R/assess_privacy.r

Defines functions assess_privacy

Documented in assess_privacy

#' @title assess_privacy
#' @description At this time, data with privacy considerations must be aggregated such that each 
#' polygon has a minimum of 5 unique values for sensitive fields like Licenses, License Holders, and 
#' Vessels.  This function takes a dataframe and shapefile and for each polygon in the 
#' shapefile calculates 1) aggregate values for a number of (user-specified) fields , and 2) 
#' how many unique values exist in each polygon for each of a number of sensitive fields. 
#' @param df a dataframe to be analyzed.
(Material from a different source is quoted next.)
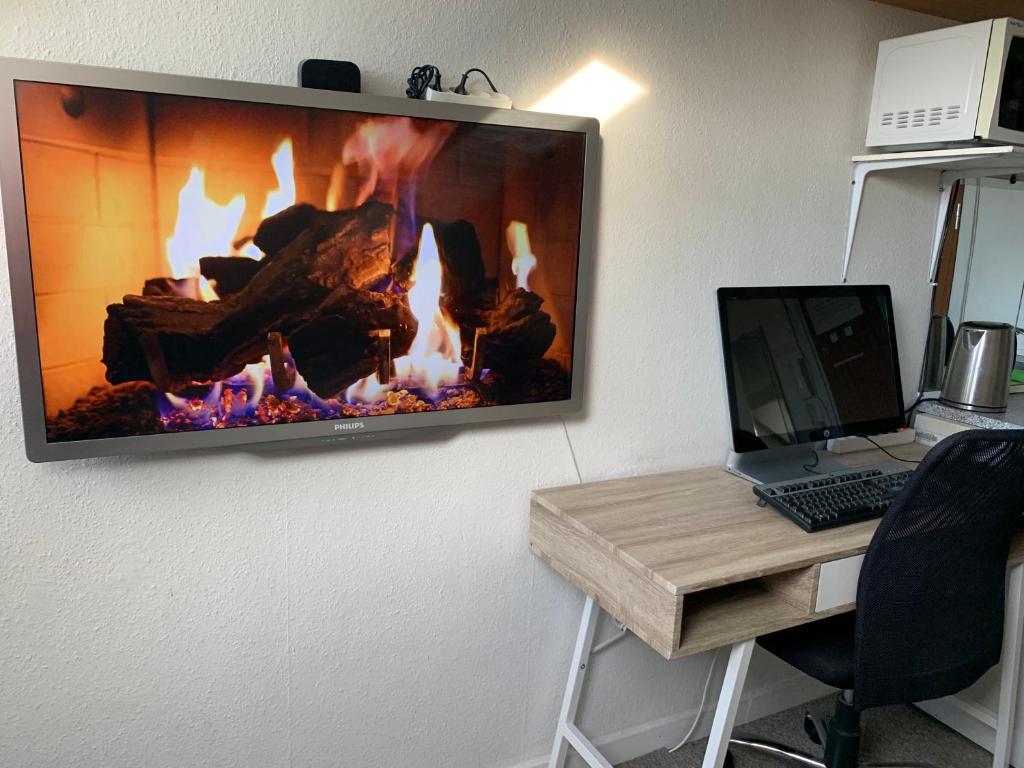 a flat screen tv hanging on a wall at Central & Cosy Studio + Free Bikes & Netflix in Copenhagen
If left \code{NULL}, a value for \code{db} should be provided

#' @param grid.shape default is \code{"hex"}.  This identifies the shape of the 
#' you want to aggregate your data into.  The options are "hex" or "square"

#' @param lat.field the default is \code{"LATITUDE"}. This is the name of the 
#' field in \code{df} holding latitude values (in decimal degrees)

#' @param lon.field the default is \code{"LONGITUDE"}.  This is the name of the 
#' field in \code{df} holding longitudevalues (in decimal degrees)

#' @param calculate the default is \code{c("MEAN", "COUNT", "SUM")}. These are the 
#' analytics which should be performed for every field identified in \code{agg.field}.
#' For example, if KEPT_WT and DISCARD_WT are both identified in \code{agg.field},
#' then for every resultant aggregated polygon (e.g. hexagon), the mean, count 
#' and sum of both of these fields is calculated for every polygon.

#' @param rule.of default is \code{5} Whether or not data can be shown (even 
#' aggregated) depends on the presence of a threshold number of unique values 
#' for certain sensitive fields.  This parameter sets that threshold.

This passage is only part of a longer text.